Quand j'étais à Lyon, j'avais essayé de contacter une personne de l'UCK que j'avais vu à la télévision, son nom était Youf Tchelach. Il était de la diaspora albanaise en France. Je n'avais pas réussi à obtenir ses coordonnées.

Lorsque j'ai débarqué à Sarandë, j'ai eu un coup de chance, j'ai trouvé un taxi qui était prêt à m'aider, et j'ai réussi à me faire comprendre bien que je parle pas un mot d'albanais. Je lui répétais UCK, UCK. Il m'a emmené auprès d'un de ses amis à Sarandë qui était professeur de français et qui nous a servi d'interprète. Ensuite le taxi m'a conduit jusqu'à Tirana.

Une fois à Tirana on a commencé à chercher un endroit où les combattants de l'UCK seraient susceptibles de se réunir, on a fait en quelque sorte la tournée des bars. Puis on est tombé par hasard sur un café qui s'appelle le Nico, le repère des membres de l'UCK. Une personne sur place était prête à m'emmener au Quartier général de l'UCK à Tirana afin que je me présente à un officier.

J'ai été présenté à un officier qui parlait français, et pendant plus de deux heures je me suis entretenu avec lui. Il voulait connaître mes motivations, comprendre mon engagement. Les gens étaient très méfiants envers moi. On m'a demandé si j'étais espion ou mercenaire. Ils ne comprenaient pas bien les raisons qui m'ont poussées à rejoindre les rangs de l'UCK, d'autant plus que les Français ont une réputation pro-serbe. Bajram, l'officier, a procédé à des vérifications et m'a prié de revenir.

Le lendemain matin, j'ai été sujet aux mêmes questions. Cet interrogatoire a duré jusqu'en fin d'après-midi. L'atmosphère était assez tendue, j'étais sous surveillance: deux types armés de kalachnikov étaient présents, ils ne me menaçaient pas directement mais voulaient plutôt m'impressionner.

La barrière de la langue se faisait-elle ressentir ? Comment communiquiez vous avec les Albanais ?

En général les officiers supérieurs parlaient français, sinon lorsque les gens ne parlaient pas un mot de français, je me débrouillais avec le peu d'anglais que je connaissais. Sinon c'était des signes, des gestes.
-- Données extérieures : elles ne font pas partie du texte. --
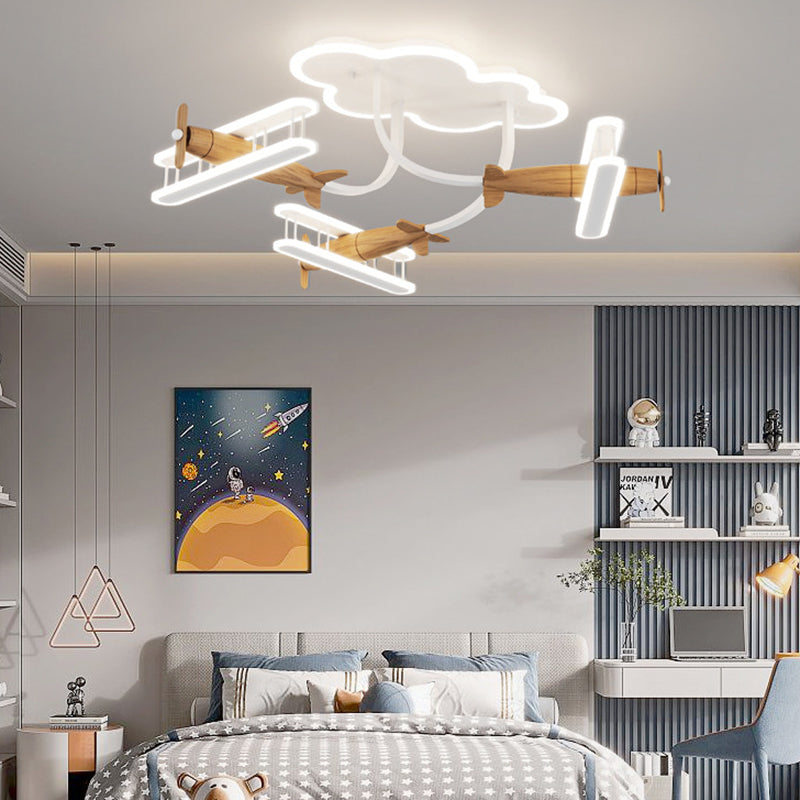 Contemporary Cartoon Solid Wood Acrylic LED Ceiling Light for Living Room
Qui étaient les membres de l'UCK, s'agissait-il de civils qui se sont engagés dans la lutte, y avait-il un réel encadrement militaire?
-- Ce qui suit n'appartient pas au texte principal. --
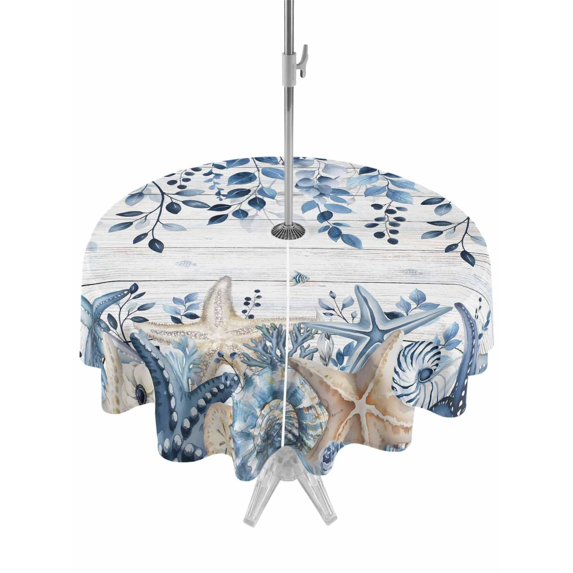 Outdoor Tablecloths with Umbrella Hole & Zipper, Blue Coastal Starfish Round Tablecloth 54 Inch, Beach Nautical Shell Eucalyptus Wooden Waterproof Table Cloth, Patio/Pool/Picnic Table Covers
Visiblement, tout le monde s'était improvisé militaire. Par la force des choses, ces gens là ont constitué leur armée. C'était des civils et non pas des militaires de profession. J'ai ressenti une hiérarchie militaire dans les rangs des officiers. On essayait d'imposer une discipline, mais d'après ce que je pouvais comprendre, on discutait souvent les ordres.

Après cette prise de contact avec les autorités de l'UCK, comment s'est déroulé le recrutement ?
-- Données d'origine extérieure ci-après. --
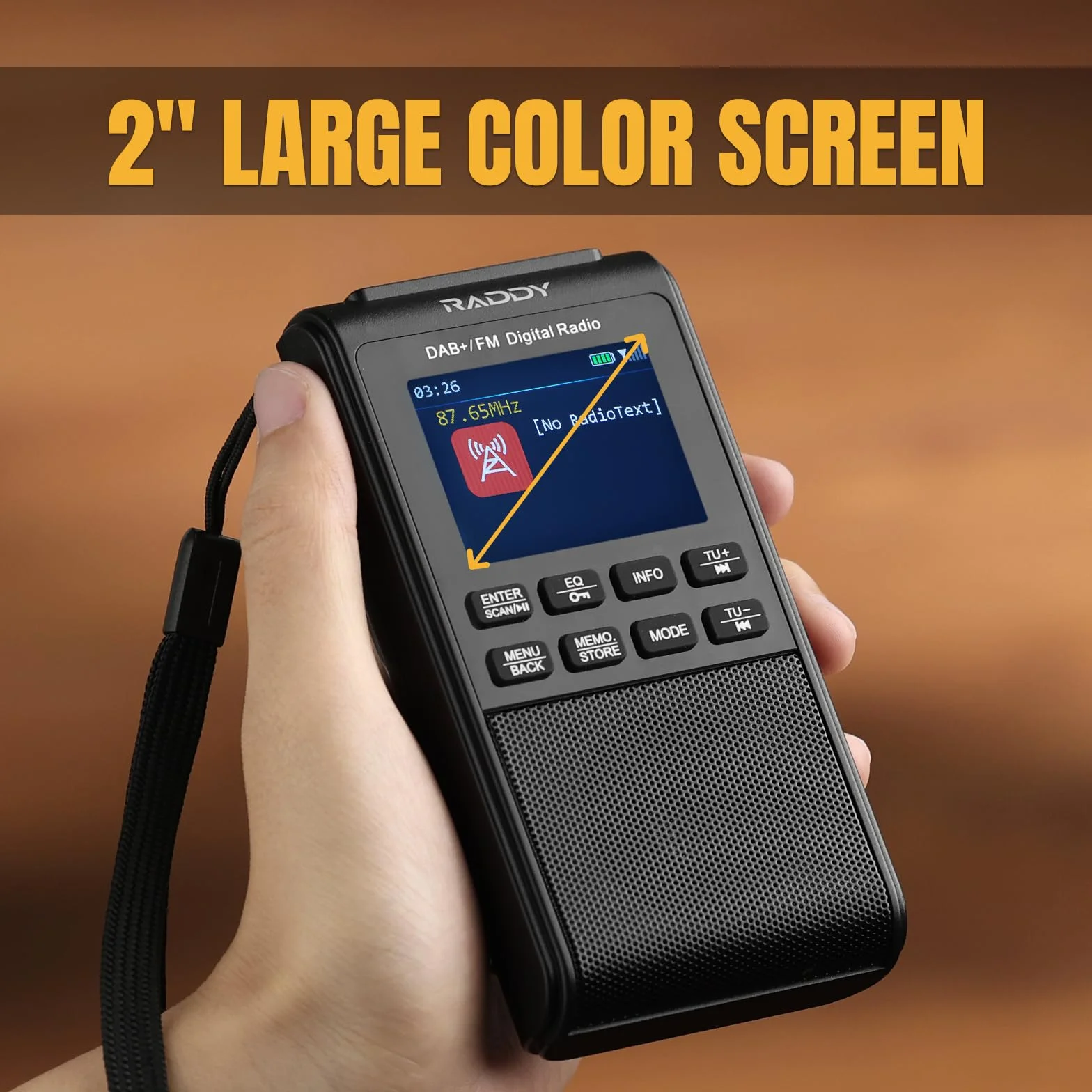 Raddy RD939 przenośne Radio DAB/DAB+ FM, BT 5.3, głośnikiem 5 W, 2-calowym dużym ekranem, 1200 mAh Baterią, Odtwarzaniem TF/USB, automatycznym skanowaniem, gniazdem słuchawkowym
Le soir même j'ai été officiellement enrôlé. J'ai passé la nuit dans une villa située à proximité du parc national de Tirana, qui servait de lieu de transit pour les volontaires avant qu'ils partent dans les camps d'entraînement. Le lendemain matin nous sommes partis en camionnette jusqu'au camp d'entraînement situé à 5 km environ de la frontière avec le Kosovo. Sur place j'ai été confronté à la même méfiance, le commandant de la base ne voulait pas de moi. Il refusait les étrangers. J'ai été encore une fois interrogé: si je connaissais des hommes politiques, si j'avais une implication quelconque. Finalement il a du céder car il a reçu les ordres venant de Tirana qui l'ont contraint à me garder.

Quel a été votre premier rôle dans la base ?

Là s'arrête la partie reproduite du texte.